The Black Swans of Agricultural Education: A Glimpse into the Lived Experiences that Shape Urban Agricultural Educators' Meaning in Work
DOI:
https://doi.org/10.5032/jae.2017.03001Keywords:
meaning in work, teacher retention, urban agriculture, urban teachersAbstract
Urban agricultural educators face a number of unique challenges in performing their job duties. Therefore, the purpose of this study was to understand the essence of urban agricultural educators’ meaning in their work by exploring their lived experiences. In this study, the essence emerged in the form of a metaphor: A Black Swan. The black swan represents a distinctiveness that urban agricultural educators possess in the agricultural education discipline.
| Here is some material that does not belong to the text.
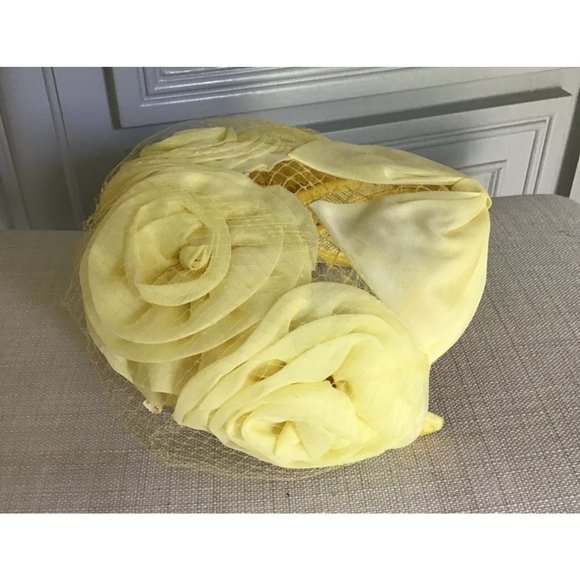 Vintage Couture 50s ,60’s Fascinator Hat Netting Cage Yellow Floral Bow - Picture 4 of 5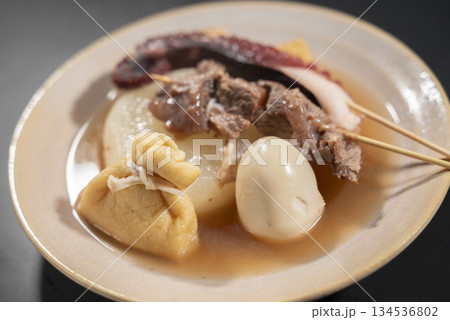 熱々おでん盛り合わせ 134536802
The black swans are guided by fusing (a) individualization, (b) self-connection, (c) contribution, (d) unification, and (e) coping abilities into a powerful construct identified as transcendence. By transcending ordinary levels of meaning, urban agricultural educators appeared to cope with their challenges in unique ways. Perhaps, the reason underlying the use of this coping strategy is the distinct population that urban agricultural educators serve since participants reported their programs were largely comprised of ethnic minority students living in low socioeconomic households. Urban agricultural educators might, therefore, continuously be faced with issues that remind them of the important role they play in their students’ lives. Moving forward, the study’s findings could be used as a foundation to explore and refine the discipline’s current understandings of urban agricultural educators’ meaning in work.